Another source of income for Sopron is the brewery. We didn’t visit it, but we did buy some Soproni Zero (grapefruit and orange flavors) in the supermarket. Rachel’s brother liked it, but her sister thought it was gross. I think it did grow on her a bit, but I don’t think she’ll be a connoisseur of non-alcoholic beer anytime soon.

The organ of the Reform church in Sopron

The fire tower and town hall were closed for renovations, so we only went inside three attractions: the goat church, a reform church, and the Storno house. The goat church was somewhat small. There was a tomb from 1644 underneath some of the pews which I thought was interesting. The reform church was much larger and completely different from Catholic churches. It had three floors and reminded me a bit of the Synagogue in Budapest. Apparently the organ is the largest in Hungary. The organ was indeed gorgeous and we wanted to go up stairs to see it, but it was closed off. The Storno house was very interesting. The last owners of the house (the Storno family) loved to collect antiques and it contains a large selection of old things.
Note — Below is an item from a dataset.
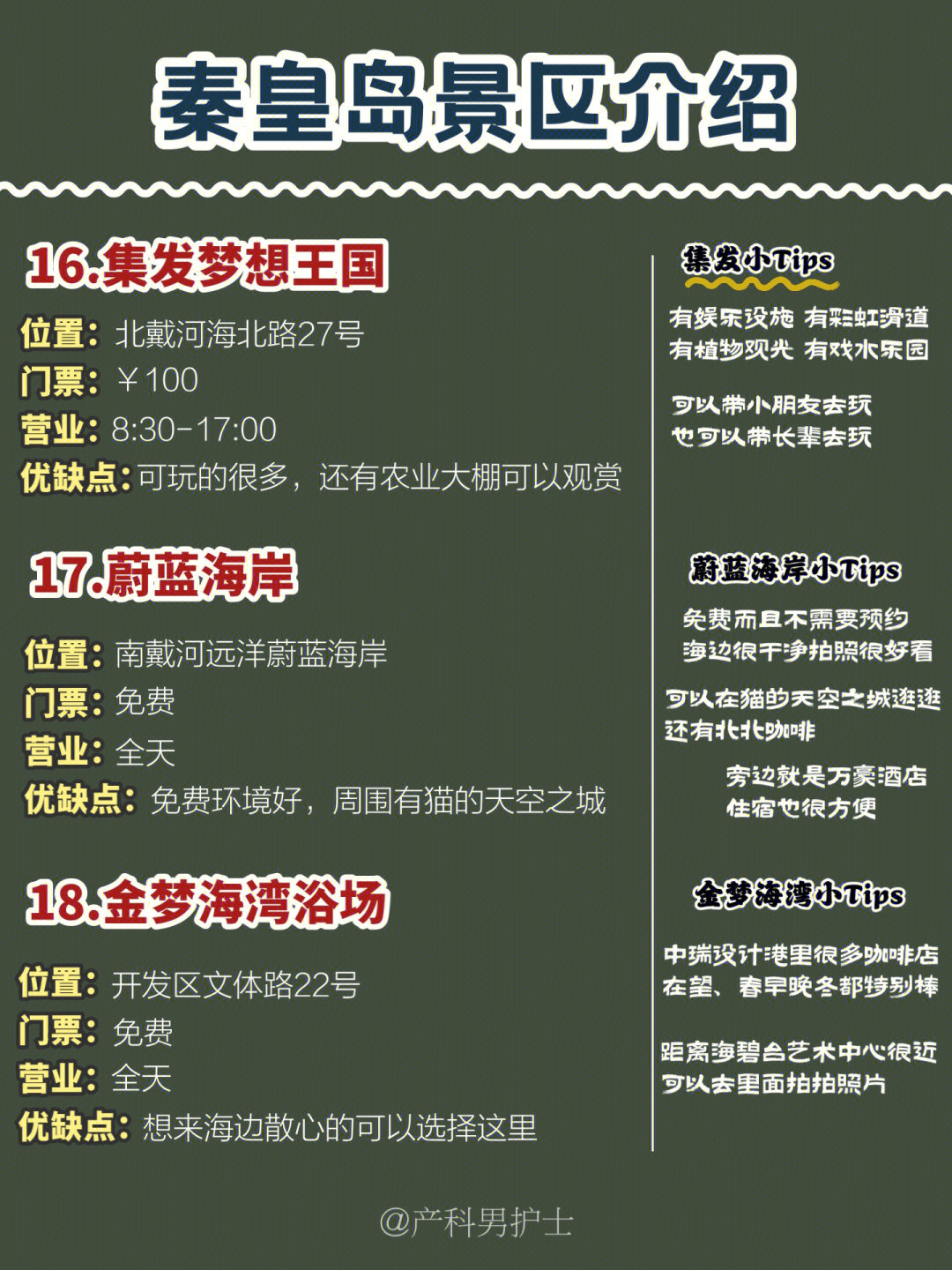 秦皇岛最全旅游景区解析推荐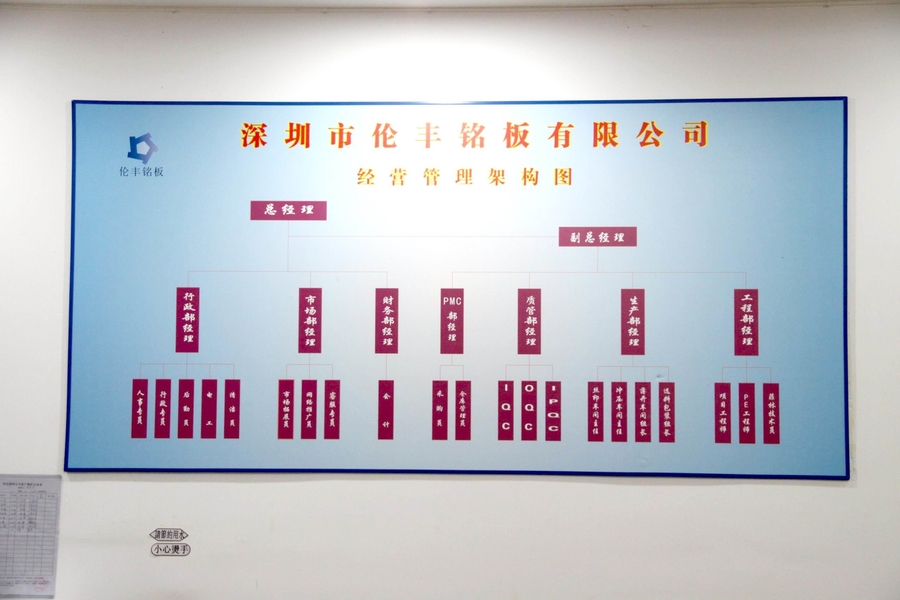 Shenzhen Lunfeng Technology Co., Ltd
I loved the smattering of arms and armor (of course), as well as the intricate locks and keys from various periods.

We decided to eat at a restaurant which was recommended in Rick Steve’s and also on the way back to the train station. Sadly, when we got there is was closed for renovation (or maybe permanently). We had to backtrack quite a bit and hurry so as to not miss our train, but we made it.